鎌倉中期頃には猿楽の集団も寺社公認のもと、「座」の体制を組み、一種の楽劇を作り上げていきます。

南北朝の頃の最も有力な座は大和猿楽四座です。外山(とび)座(後の宝生座)、坂戸座(同金剛座)、円満井(えんまい)座(同金春座)、結崎(ゆうざき)座(同観世座)の四座です。

十四世紀後半を代表する名手観阿弥を生みました。観阿弥は結崎座の座頭で、田楽や近江猿楽、白拍子の曲舞などの歌舞的要素をとり入れて芸術的に高め、この観阿弥の偉業を受け継いで今日まで伝わる「能」の芸術性を確立したのが、息子の世阿弥です。
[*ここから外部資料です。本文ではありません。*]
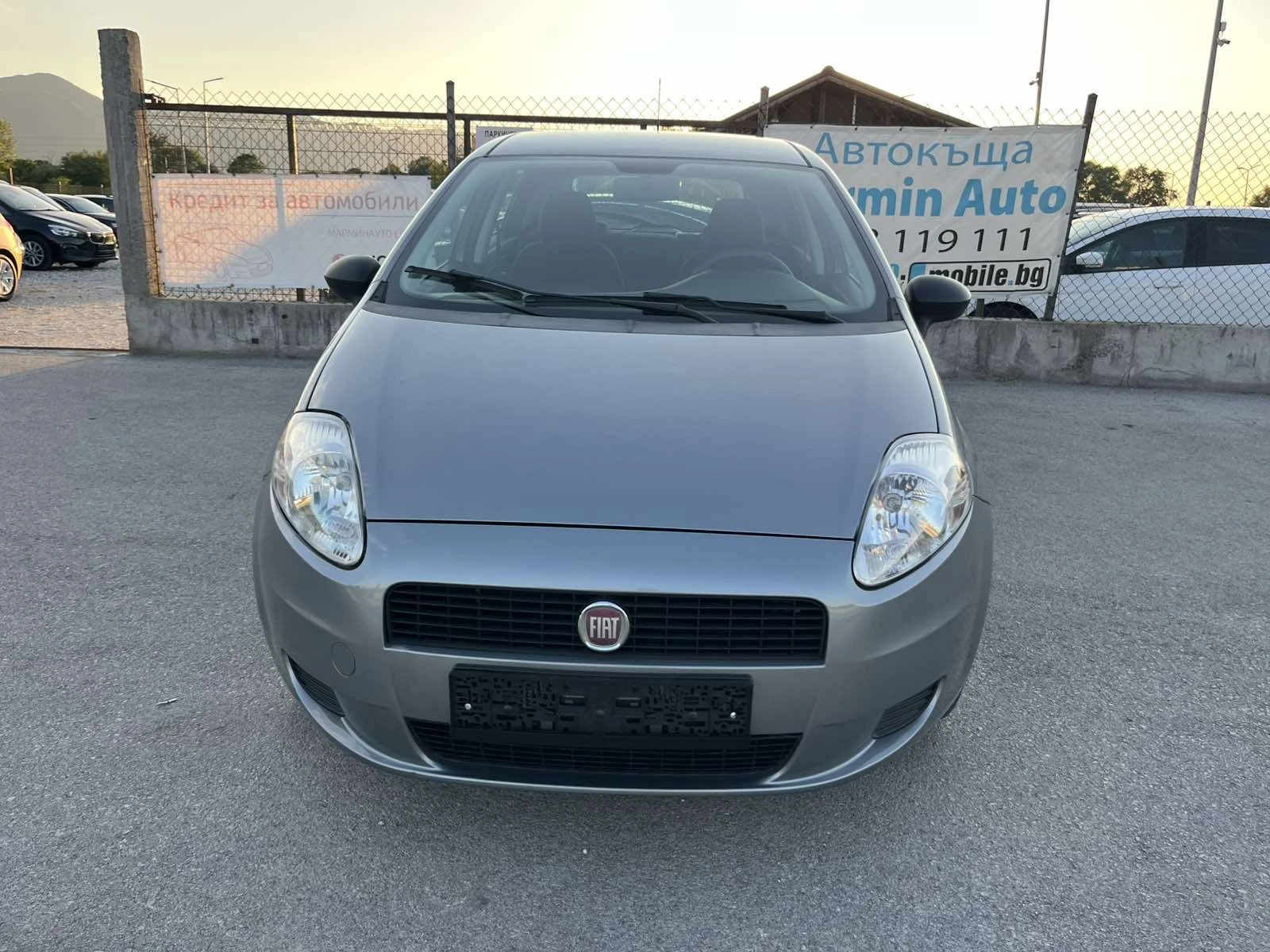 Fiat Punto GRANDE 1.3I 65кс 126 000км КЛИМАТИК, снимка 2 - Автомобили и джипове - 55226166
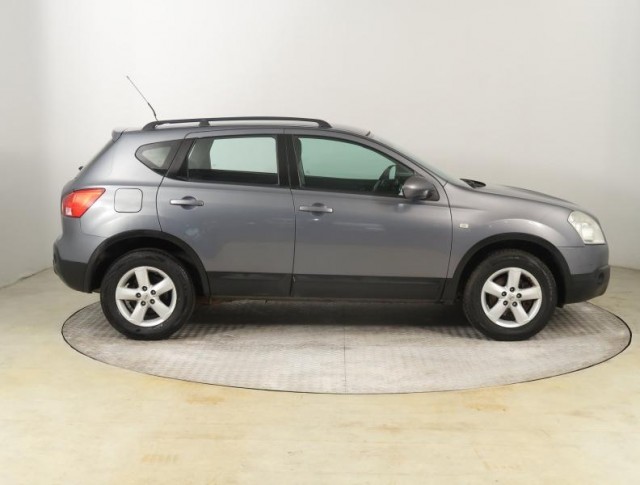 Nissan Qashqai  1.6 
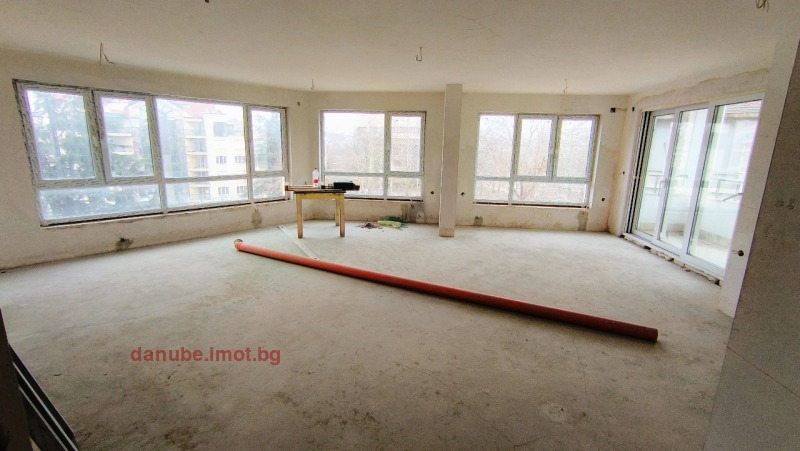 Zu verkaufen  3 Schlafzimmer Ruse , Zentar , 175 qm | 63818233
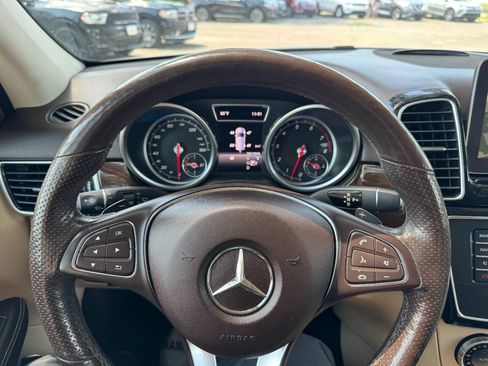 Used 2017 Mercedes-Benz GLE 350 4MATIC image 25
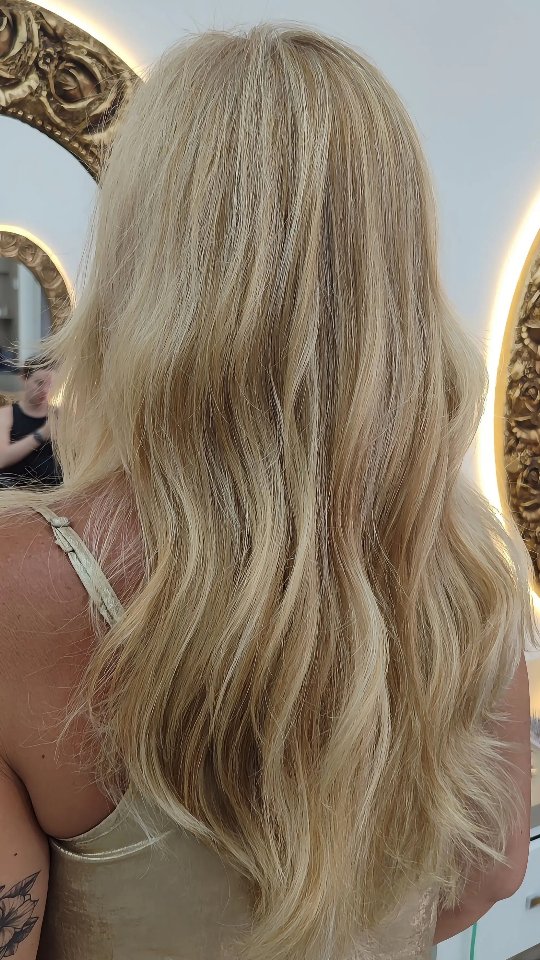 We refresh your hair color with hair dyeing and coloring, balayage and ombre techniques.
#kuşadası #efes #hairsalonkusadasi #selçuk
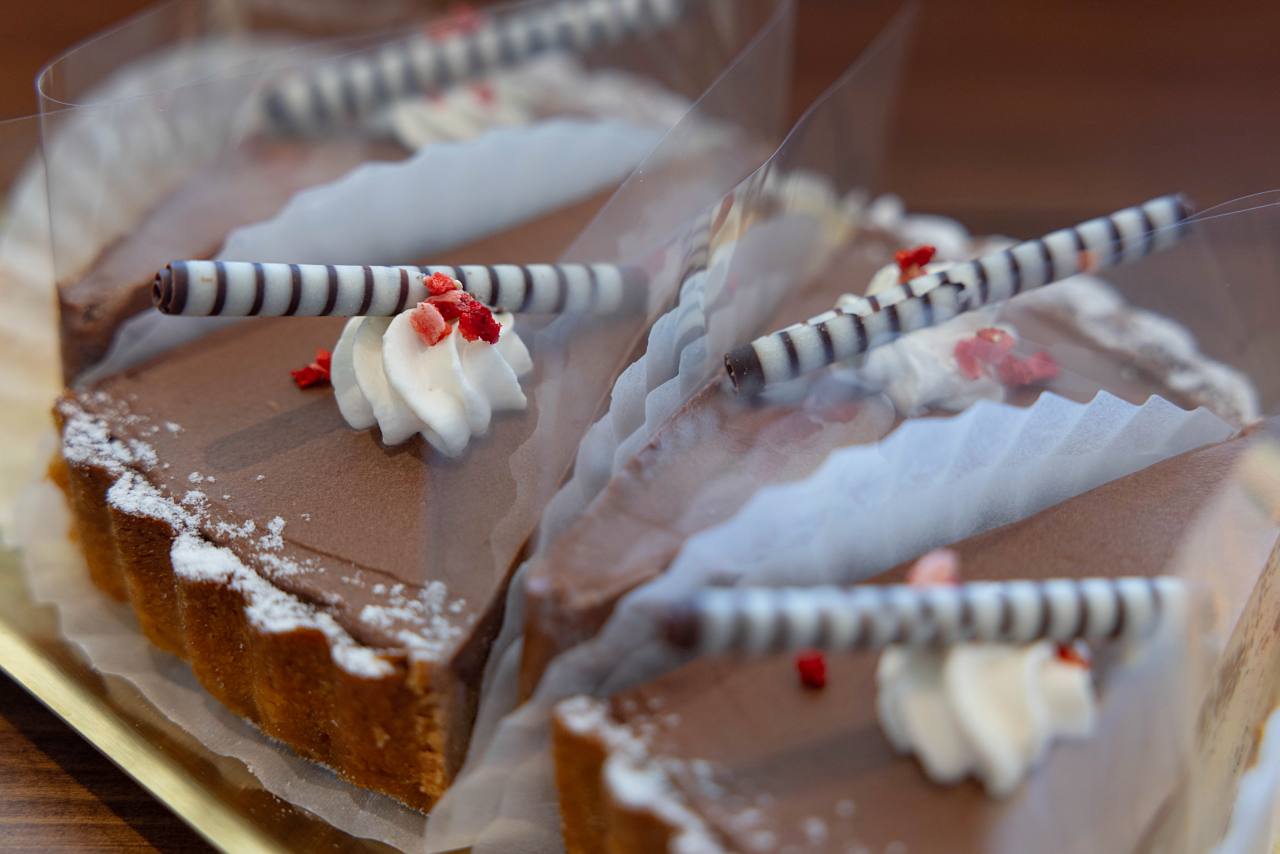 ひと口で幸せ!季節の果実をふんだんに盛り付けた「ChaÎnon(シェノン)」のケーキ(那覇市)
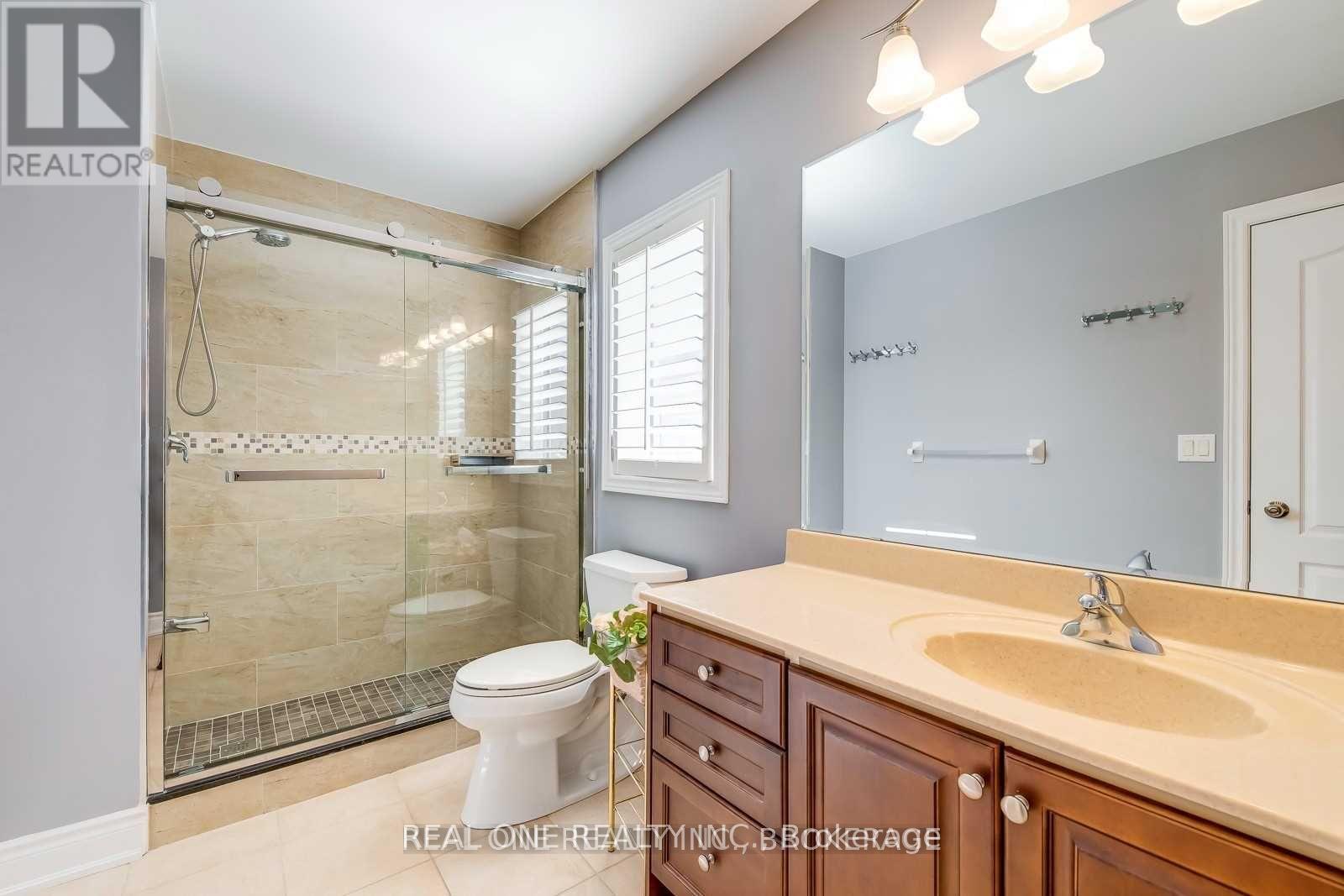 96 Spring Azure Crescent, Oakville, ON - Indoor Photo Showing Bathroom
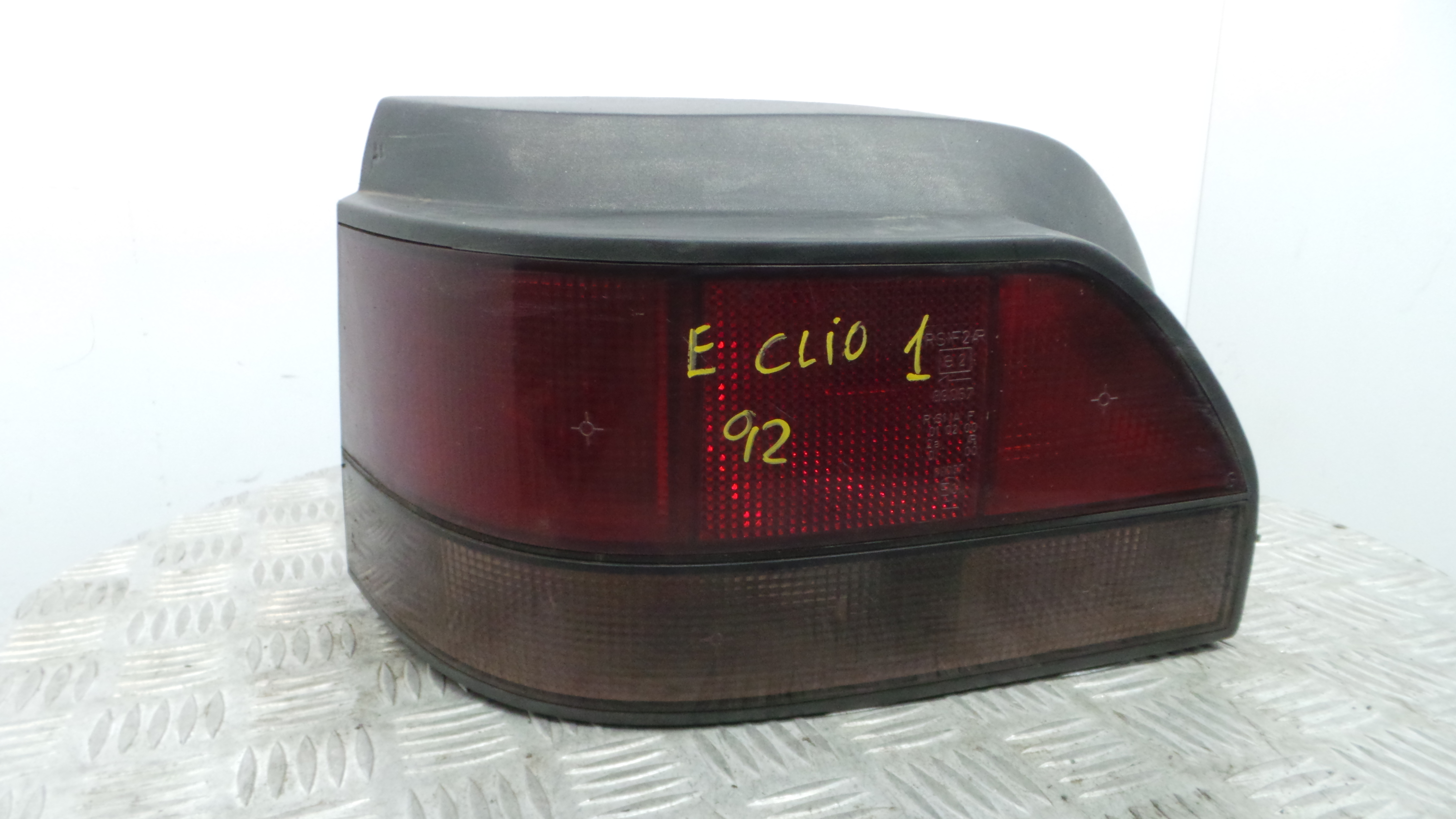 Farolim Stop Esq 7701205800 - RENAULT CLIO I (B/C57_, 5/357_)-37075958 Farolim Stop Esq 7701205800 - RENAULT CLIO I (B/C57_, 5/357_)-37075958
世阿弥は、「夢幻能」というスタイルを 完全な形に練り上げ、主演者である「為手(して)」一人を中心に据えた求心的演出を完成させて、多くの作品を残しました。

また、能の道の理論的裏付けにも力を注ぎ、能楽美論・作能論・作曲論・歌唱論・演技論・演出論・修行論・「座」経営論など多方面にわたる著作を行い、その理念は長い時代を経、今なお私たちに多くの示唆を与えてくれています。

一方、室町後期には「手猿楽」と呼ばれる素人出身の能役者が大いに活躍しました。また、謡曲を能から離れて謡う、いわゆる「謡」が流行したのもこの時期からで、能が町人階層にも広く愛好されていたことがわかります。

豪華絢爛な桃山文化の隆盛を背景に、豪壮な能舞台の様式が確立され、装束も一段と豪奢になったほか、能面作者にも名手が輩出し、現在使われている能面の型がほぼ出揃いました。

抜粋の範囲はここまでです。